:: What you will do ::
Everything from the line with "الدولار مقابل الدرهم" to the end of the data below, both lines included, should be transcribed exactly; please omit the pictures.

▬▬▬▬▬▬

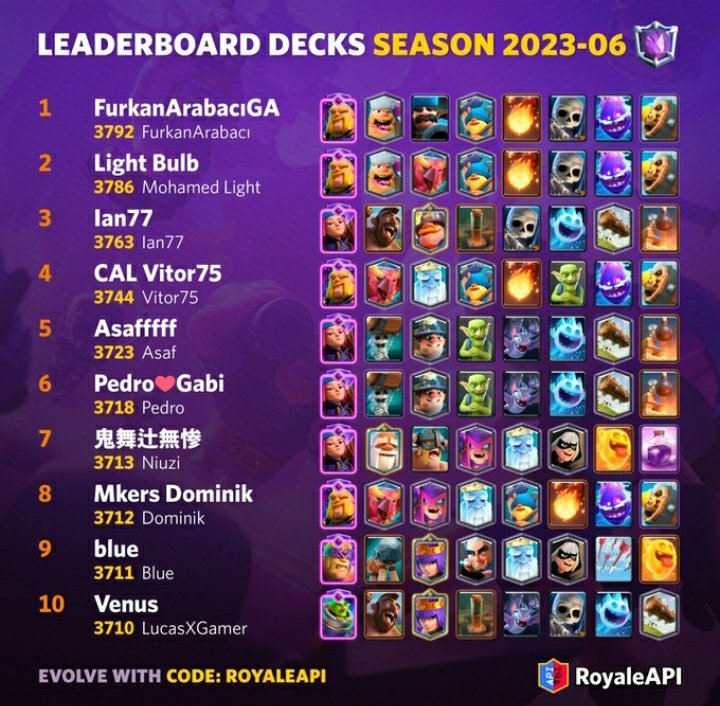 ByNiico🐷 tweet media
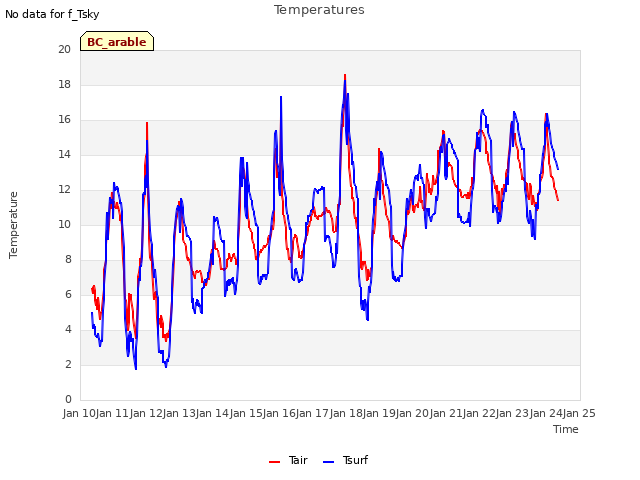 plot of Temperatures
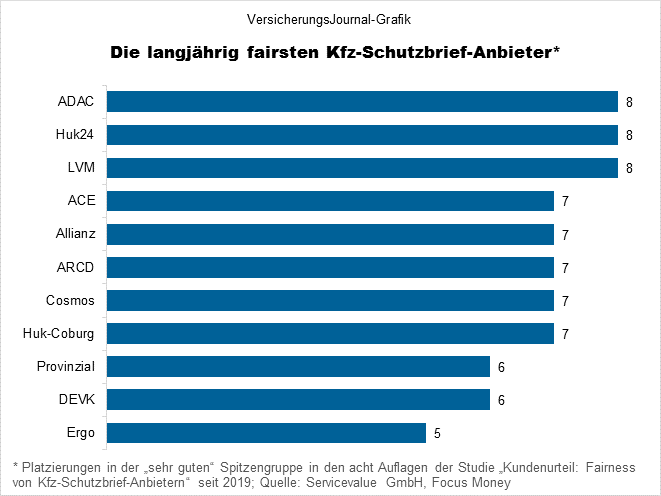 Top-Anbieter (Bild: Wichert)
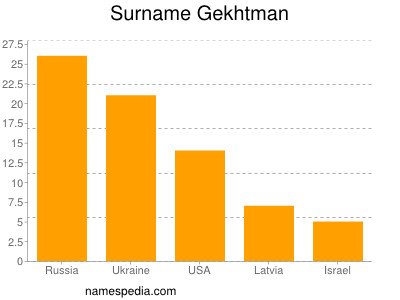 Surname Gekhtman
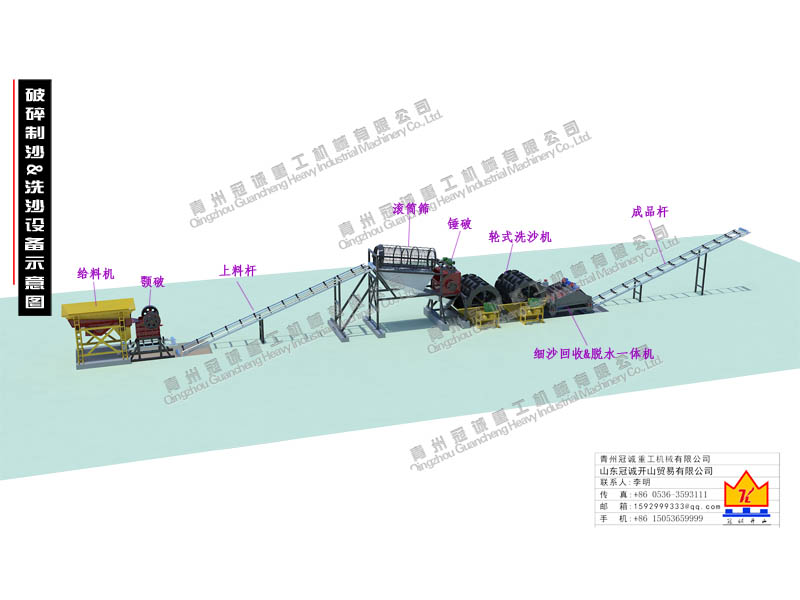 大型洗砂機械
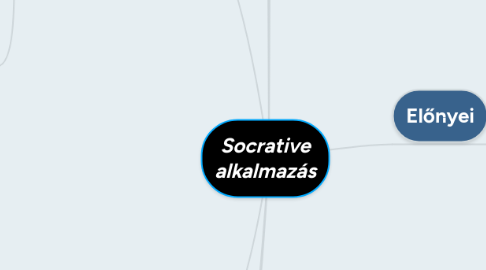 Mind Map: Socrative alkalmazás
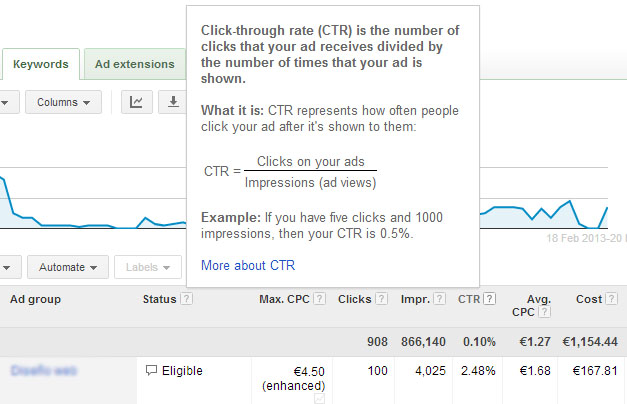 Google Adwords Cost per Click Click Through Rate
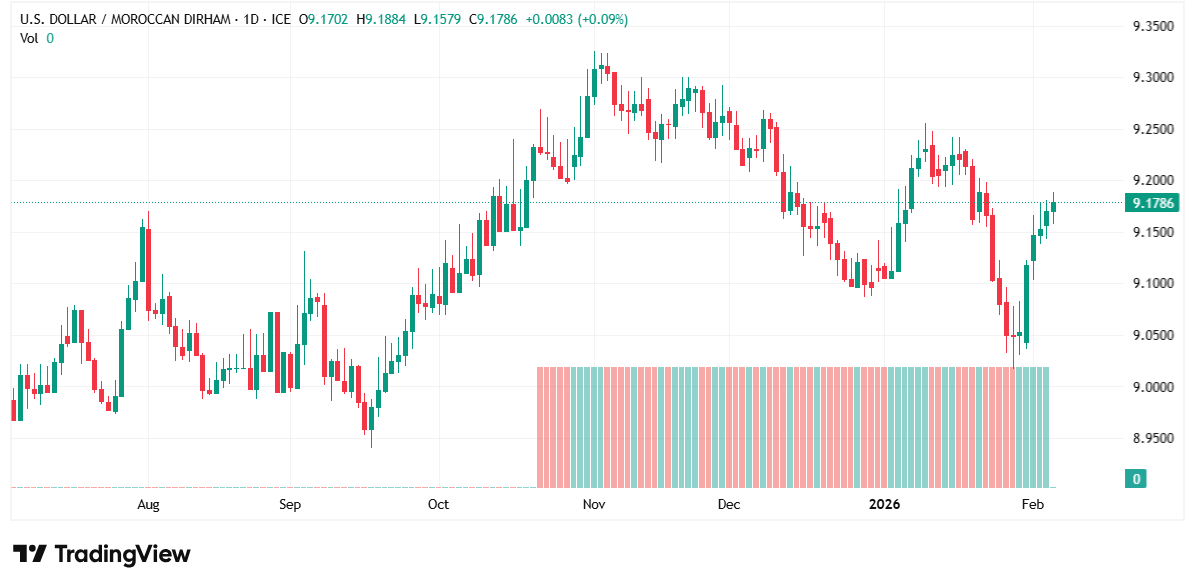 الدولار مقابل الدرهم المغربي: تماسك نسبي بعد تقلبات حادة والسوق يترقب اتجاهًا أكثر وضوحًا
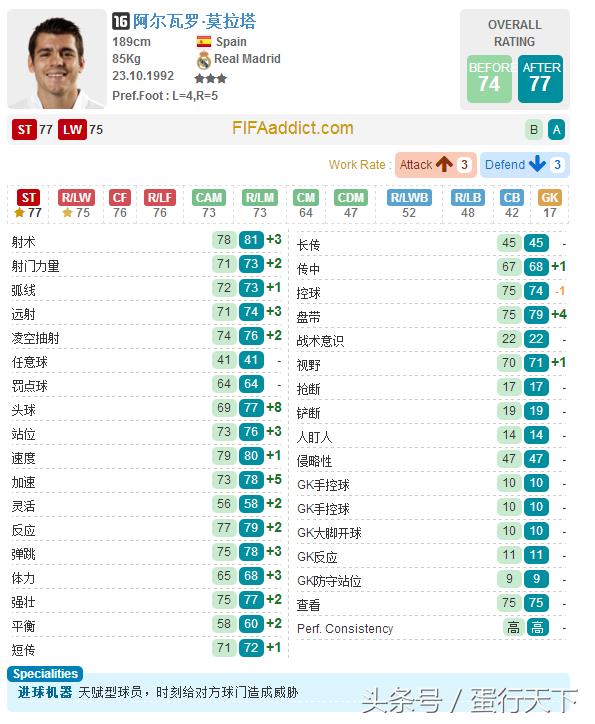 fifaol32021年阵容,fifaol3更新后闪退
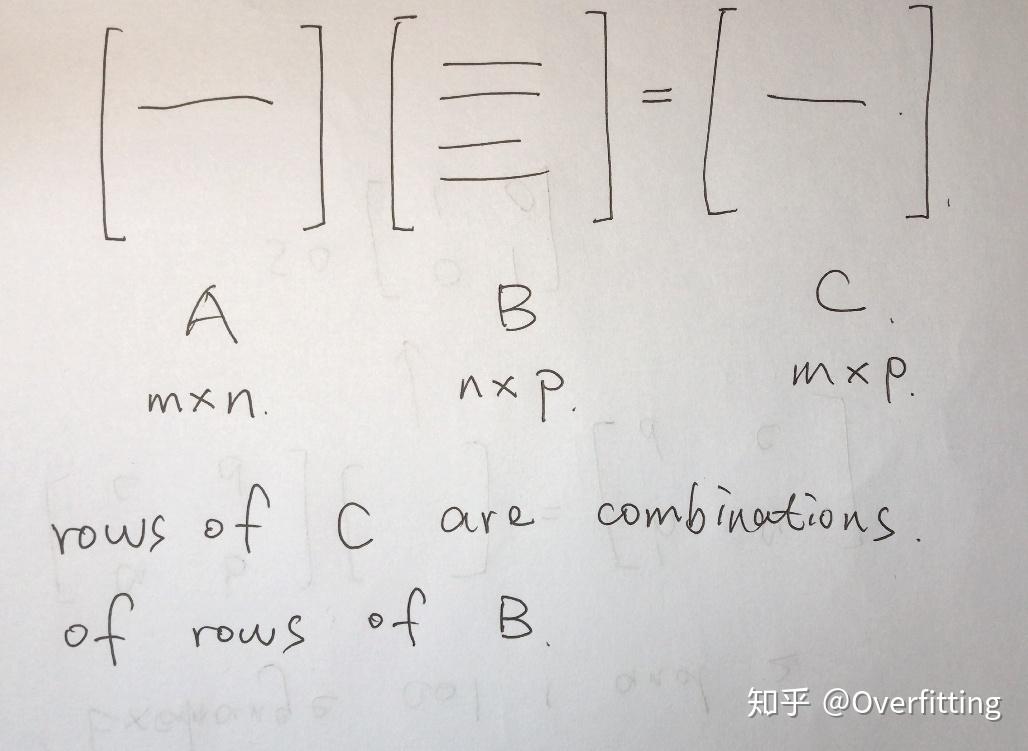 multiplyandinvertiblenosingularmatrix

▬▬▬▬▬▬

:: Written answer ::
 الدولار مقابل الدرهم المغربي: تماسك نسبي بعد تقلبات حادة والسوق يترقب اتجاهًا أكثر وضوحًا
 fifaol32021年阵容,fifaol3更新后闪退
 multiplyandinvertiblenosingularmatrix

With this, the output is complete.